Habertürk
    Takipde Kalın!
      Günlük gelişmeleri takip edebilmek için habertürk uygulamasını indirin
        Haberler Röportajlar Yetkin Dikinciler içini HT Magazin'e döktü

        HT MAGAZİN/ ECE SARUHAN

        Hayatın içindeki sihirli kelime ‘kendiliğinden’dir Yetkin Dikinciler için. “Yaz Köşesi’nde kiminle uçurtma uçursam?” diye düşünürken, uçurtmanın saflığını, naifliğini onun ruhuyla özleştirdiğimden kendiliğinden gözümün önünde Yetkin’in yüzü belirdi. Kendisini “Var mısın?” diye arayıp “Tabii ki” cevabını almamın üzerinden birkaç hafta geçti. Yani bu sohbet yine kendiliğinden bir bayram günü sizinle buluşmayı seçti. Kimileri “Tesadüf” diyebilir ama bence değil. Yetkin’in uçurtmasının kuyruğuna takıldığımda içsel bir yolculuğa çıkacağımı adım gibi biliyordum. Hayat da toplum olarak duyargalarımızın her zamankinden açık, farkındalığımızın yüksek olduğu özel bir günde konuştuklarımızın sizinle buluşmasını istedi bence. Biraz içimize bakmamızı sağlamak, dışımıza yansıyan iyikötü her şeyin çıkış noktasının içimiz olduğunu hatırlatmak istedi. Yetkin’le bir araya gelmeden önce Üsküdar’daki Uçurtma Müzesi’ne gittim ve Mehmet Naci Aköz’le birlikte yıllar sonra yeniden uçurtma yaptım. Geçtiğimiz salı günüyse Caddebostan’da buluştuk Yetkin’le. Elimizde uçurtmalar, yüzlerimizde ağız dolusu gülümsemelerle, çocukluğumuzla el ele verdik. Çok eğlendik; koştuk, zıpladık, yoldan geçen seyyar dönme dolaba bindik, hayatı doyasıya içimize çektik. Sohbetimizin başında “Keşke hayat denen uçurtmanın ipini de hep böyle çocuksu bir coşkuyla avuçlasak” dedim Yetkin’e. “O ıhlamur ağacından çıtayla, incecik kâğıt göğe yükseldiğinde, aslında sen yükselmiyor musun?” dedi ve ekledi: “Yer bizi çekiyor, ruhumuzsa yükseltmeye çalışıyor. Bazen tıpkı bugünkü gibi o yükselmeyi küçük oyuncaklar sağlıyor. Biraz ruhumuzun peşinden gidelim, hayallerimize izin verelim.” Bu benim de hepimiz için bayram dileğim; amin!
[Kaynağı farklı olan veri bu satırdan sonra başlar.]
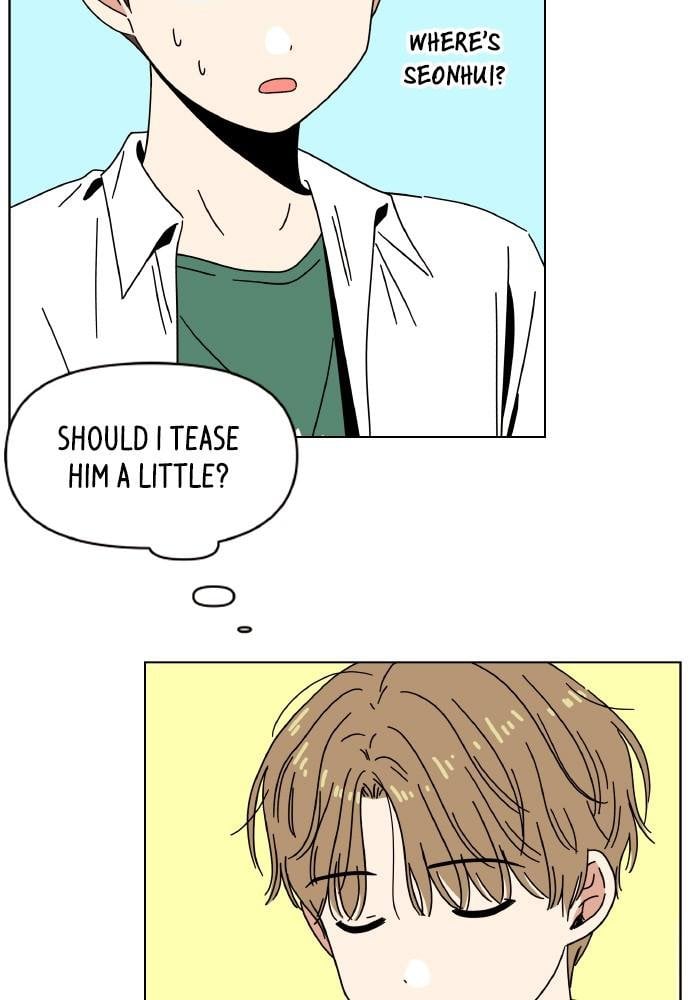 Read Seasons of Blossom EN Manga Online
        Sana “Duran adam” derler. O duran adam bugün hoplayıp zıplayan bir çocuğa dönüştü.

        Masumiyet beni çok etkiliyor, bugün masumiyeti soluduk. Mahcup biriyim. Bir kalabalığa girdiğimde kafamı kaldırıp insanlarla konuşamam, “Rahatsız eder miyim?” tedirginliği yaşarım. Belki de bu ruh haliyle yüzleşme isteği beni oyuncu olmaya itti. Bir de benim birine kollarımı açabilmem için ruh sikletinde eşit olmamız gerekiyor.

        Çoğu ünlü “Beni rahatsız etmeyin” havasındayken sen insanları rahatsız etmekten mi çekiniyorsun?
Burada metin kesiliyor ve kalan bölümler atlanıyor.